The death total from October 1, 2004, through September 29, [2005,] surpassed the previous record of 383 deaths set in 2000, according to statistics compiled by the U.S. Border Patrol.
The dead were mostly Mexicans, many from the states of Mexico, Guanajuato and Veracruz, but also from the impoverished southern states of Oaxaca and Chiapas. Migrants continue to die in automobile accidents and from drownings while crossing waterways into California and Texas, but 261, or more than half the total, perished while crossing the Arizona deserts, the busiest illegal immigrant corridor along the nation’s two-thousand-mile border with Mexico.
The migrants, herded across the border by smugglers, have been traversing increasingly desolate stretches of desert as the Border Patrol cuts off more accessible routes…
PROLOGUE
SOMEWHERE SOUTH OF GLAMIS, CALIFORNIA
MAY 2007
The youngest child in the group, an eleven-month-old girl, died sometime before midnight, a victim of a rattlesnake bite the day before, suffered when her mother set the baby down in the darkness near an unseen nest. The infant was buried in the desert of southern California, just a few miles north of the border that they had worked so hard to cross. Two other children, one a four-year-old girl, the other an eleven-year-old boy, wept for their infant sibling, but their bodies were too dehydrated from spending almost two days in the desert to shed any tears.
It was all the same to Victor Flores, the seventeen-year-old coyote, or human smuggler, escorting the group of twelve migrants across the southern California border. It was sad, of course, the baby dying—he prayed with the others for the baby’s safe deliverance into heaven, hugged the mother, and wept with her. But one less child meant one less cry in the night to alert the Border Patrol, one less reason to slow down on their long trek across the desert—and, of course, there were no refunds. It was five hundred dollars a head, Federal Highway 2 in Mexico to Interstate 10 in the United States of America—no refunds, cash on the table.

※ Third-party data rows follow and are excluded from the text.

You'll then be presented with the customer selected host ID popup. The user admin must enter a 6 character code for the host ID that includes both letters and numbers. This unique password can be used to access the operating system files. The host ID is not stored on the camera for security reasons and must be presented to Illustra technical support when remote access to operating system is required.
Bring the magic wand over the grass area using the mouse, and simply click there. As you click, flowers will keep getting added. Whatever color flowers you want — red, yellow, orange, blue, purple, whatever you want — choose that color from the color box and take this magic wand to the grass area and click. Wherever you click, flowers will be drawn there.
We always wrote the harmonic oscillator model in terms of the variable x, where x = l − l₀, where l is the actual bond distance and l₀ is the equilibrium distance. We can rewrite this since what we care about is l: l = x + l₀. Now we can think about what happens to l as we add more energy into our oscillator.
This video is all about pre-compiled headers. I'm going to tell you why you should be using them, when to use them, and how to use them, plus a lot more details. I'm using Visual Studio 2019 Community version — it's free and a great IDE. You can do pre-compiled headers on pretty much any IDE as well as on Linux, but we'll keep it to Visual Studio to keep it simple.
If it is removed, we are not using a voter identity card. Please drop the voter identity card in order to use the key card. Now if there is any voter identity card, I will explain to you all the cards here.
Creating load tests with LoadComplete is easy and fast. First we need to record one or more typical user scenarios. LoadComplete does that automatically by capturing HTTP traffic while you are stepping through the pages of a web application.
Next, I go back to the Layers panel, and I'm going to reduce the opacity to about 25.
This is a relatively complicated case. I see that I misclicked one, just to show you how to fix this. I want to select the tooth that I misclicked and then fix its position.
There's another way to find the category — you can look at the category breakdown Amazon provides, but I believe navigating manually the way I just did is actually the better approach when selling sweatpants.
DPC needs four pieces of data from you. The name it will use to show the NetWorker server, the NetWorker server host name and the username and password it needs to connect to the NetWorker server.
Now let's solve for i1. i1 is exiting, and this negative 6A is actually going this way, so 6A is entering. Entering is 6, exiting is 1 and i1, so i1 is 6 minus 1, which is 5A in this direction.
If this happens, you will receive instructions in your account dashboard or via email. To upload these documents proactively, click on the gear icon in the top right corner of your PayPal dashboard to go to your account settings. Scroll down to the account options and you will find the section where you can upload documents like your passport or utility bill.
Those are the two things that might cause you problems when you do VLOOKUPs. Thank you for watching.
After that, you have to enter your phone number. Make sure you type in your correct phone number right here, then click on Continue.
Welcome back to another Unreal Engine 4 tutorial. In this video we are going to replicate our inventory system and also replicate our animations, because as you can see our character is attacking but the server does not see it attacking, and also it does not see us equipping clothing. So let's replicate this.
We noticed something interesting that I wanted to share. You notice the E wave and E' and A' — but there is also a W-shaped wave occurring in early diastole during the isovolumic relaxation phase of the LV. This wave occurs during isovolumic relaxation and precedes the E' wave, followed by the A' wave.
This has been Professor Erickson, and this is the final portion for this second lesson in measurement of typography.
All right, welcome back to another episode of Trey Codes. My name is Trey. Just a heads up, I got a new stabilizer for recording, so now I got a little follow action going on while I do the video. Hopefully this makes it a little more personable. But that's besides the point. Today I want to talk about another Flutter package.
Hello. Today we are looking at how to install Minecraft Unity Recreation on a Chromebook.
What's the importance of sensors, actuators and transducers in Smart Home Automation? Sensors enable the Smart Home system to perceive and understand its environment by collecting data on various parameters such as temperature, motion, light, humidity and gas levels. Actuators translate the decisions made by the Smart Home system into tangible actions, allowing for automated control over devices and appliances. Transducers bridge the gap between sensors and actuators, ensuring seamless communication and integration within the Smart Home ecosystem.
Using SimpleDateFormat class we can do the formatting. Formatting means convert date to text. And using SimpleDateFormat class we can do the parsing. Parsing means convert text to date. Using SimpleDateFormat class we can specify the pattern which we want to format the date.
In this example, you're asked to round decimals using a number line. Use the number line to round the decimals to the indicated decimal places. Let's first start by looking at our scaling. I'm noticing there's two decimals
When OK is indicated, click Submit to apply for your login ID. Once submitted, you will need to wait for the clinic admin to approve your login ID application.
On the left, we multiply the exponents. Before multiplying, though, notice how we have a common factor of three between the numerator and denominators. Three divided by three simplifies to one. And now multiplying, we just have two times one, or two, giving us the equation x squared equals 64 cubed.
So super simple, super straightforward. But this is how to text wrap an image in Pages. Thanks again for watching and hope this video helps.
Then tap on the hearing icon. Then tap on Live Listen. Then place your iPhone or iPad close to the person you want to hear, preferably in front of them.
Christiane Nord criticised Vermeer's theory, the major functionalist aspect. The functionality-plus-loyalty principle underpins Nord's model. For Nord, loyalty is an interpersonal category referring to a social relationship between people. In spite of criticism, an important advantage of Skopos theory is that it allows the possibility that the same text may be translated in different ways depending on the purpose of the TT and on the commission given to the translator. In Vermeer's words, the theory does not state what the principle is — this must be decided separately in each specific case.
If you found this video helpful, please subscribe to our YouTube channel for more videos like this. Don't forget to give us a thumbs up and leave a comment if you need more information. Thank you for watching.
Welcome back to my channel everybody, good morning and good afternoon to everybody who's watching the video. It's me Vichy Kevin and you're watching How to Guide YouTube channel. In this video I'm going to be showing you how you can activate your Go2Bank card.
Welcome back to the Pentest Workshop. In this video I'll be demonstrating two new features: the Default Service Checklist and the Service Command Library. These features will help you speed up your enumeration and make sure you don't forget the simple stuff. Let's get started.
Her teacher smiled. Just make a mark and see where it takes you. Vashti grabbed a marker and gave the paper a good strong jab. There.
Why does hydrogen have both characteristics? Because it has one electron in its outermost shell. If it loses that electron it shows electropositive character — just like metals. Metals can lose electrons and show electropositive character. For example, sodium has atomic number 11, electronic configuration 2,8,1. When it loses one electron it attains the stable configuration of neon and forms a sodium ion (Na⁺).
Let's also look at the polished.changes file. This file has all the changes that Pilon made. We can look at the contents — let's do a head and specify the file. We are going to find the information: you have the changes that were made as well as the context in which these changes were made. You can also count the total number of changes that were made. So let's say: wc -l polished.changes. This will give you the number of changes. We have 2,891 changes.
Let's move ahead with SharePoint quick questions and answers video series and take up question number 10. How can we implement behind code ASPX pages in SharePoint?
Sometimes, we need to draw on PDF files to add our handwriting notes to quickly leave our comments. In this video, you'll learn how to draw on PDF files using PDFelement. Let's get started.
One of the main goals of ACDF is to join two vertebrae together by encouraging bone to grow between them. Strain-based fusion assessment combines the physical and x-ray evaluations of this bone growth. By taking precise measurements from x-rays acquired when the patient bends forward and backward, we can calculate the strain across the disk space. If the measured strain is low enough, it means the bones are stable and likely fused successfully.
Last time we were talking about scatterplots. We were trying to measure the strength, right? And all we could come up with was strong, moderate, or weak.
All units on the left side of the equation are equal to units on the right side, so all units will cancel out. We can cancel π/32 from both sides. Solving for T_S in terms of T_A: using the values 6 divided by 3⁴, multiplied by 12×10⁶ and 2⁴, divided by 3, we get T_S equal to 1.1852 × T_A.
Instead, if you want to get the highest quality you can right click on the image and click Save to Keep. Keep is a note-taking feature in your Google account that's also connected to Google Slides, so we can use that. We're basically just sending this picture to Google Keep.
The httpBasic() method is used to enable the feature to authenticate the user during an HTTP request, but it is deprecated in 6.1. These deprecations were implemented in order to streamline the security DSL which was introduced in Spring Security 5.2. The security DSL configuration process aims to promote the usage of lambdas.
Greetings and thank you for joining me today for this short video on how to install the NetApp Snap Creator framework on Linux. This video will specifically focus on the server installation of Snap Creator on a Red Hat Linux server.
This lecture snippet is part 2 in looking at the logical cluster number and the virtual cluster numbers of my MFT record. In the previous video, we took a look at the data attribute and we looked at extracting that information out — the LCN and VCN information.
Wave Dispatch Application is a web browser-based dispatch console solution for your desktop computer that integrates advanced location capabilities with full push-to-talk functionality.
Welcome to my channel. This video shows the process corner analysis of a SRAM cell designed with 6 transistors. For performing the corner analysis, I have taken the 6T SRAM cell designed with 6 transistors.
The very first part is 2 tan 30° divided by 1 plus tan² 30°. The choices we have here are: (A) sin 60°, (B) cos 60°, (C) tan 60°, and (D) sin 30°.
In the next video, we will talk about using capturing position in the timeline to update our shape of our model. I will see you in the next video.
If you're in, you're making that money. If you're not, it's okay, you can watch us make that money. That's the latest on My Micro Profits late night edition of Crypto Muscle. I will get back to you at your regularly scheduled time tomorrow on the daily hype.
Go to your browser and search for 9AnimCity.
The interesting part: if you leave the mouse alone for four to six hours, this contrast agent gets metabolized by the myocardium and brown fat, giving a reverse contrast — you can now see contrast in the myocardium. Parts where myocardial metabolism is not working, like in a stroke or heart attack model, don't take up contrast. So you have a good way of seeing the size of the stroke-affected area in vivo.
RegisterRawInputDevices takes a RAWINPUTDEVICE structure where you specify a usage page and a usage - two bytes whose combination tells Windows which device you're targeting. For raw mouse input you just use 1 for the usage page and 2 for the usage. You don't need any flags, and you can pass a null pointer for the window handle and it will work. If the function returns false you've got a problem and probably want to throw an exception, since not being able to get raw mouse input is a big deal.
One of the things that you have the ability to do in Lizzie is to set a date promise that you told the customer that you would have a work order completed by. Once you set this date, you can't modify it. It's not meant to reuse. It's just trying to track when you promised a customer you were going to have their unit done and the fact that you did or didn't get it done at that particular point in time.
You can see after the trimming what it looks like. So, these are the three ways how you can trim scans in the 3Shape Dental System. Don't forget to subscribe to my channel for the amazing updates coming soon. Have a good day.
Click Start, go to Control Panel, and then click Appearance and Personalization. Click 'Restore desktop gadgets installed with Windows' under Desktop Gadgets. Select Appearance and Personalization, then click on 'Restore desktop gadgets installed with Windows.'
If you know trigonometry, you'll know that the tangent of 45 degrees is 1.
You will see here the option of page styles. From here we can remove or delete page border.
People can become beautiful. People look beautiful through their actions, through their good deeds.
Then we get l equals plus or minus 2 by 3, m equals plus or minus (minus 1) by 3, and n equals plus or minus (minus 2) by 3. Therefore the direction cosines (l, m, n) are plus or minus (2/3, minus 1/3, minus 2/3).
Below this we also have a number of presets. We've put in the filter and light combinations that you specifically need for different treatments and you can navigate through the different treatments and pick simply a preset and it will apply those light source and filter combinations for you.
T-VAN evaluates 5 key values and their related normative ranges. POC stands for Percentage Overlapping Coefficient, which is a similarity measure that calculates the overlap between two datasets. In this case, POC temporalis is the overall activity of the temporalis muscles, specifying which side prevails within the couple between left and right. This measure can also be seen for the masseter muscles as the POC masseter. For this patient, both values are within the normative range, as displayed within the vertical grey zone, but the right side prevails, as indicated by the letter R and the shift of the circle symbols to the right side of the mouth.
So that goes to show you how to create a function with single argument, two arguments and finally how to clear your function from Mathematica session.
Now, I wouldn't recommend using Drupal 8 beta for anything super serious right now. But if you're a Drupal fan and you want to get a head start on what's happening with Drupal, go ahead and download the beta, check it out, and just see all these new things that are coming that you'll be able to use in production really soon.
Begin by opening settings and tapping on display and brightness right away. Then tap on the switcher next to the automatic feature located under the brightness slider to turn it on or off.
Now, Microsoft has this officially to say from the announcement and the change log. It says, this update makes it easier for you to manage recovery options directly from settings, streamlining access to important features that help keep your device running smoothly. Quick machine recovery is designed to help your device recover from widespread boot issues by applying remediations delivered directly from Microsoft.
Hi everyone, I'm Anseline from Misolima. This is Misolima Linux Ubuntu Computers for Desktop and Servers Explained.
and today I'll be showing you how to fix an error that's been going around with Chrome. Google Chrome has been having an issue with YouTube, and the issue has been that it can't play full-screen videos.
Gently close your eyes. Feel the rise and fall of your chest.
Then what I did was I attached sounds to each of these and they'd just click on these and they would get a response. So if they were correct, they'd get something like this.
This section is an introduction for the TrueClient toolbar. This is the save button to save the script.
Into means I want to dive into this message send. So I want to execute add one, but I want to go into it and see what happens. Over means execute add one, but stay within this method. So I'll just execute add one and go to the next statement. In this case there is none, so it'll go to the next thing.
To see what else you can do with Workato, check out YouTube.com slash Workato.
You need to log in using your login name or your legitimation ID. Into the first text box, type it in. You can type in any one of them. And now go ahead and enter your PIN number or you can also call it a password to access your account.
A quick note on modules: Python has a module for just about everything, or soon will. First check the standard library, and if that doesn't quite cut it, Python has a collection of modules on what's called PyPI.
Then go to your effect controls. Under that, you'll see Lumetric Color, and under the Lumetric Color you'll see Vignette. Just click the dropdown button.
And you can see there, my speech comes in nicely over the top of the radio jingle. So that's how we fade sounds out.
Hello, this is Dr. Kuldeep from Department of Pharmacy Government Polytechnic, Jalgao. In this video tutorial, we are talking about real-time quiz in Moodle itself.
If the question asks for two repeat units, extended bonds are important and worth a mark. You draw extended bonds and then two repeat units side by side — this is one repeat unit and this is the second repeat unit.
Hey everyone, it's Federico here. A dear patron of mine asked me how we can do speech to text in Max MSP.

Besides, he thought ruefully, children had no business out here. He was seeing lots more mothers and their children these days on these trips across the border, not just the men. That was a frightening trend. Things were bad in Mexico, and probably had been forever, but typically the family stayed in Mexico, the father went to search for work, and he returned months later with cash; he stayed long enough to crank out another child or two, then departed again. The exodus of women and children from Mexico meant that things were only getting worse there.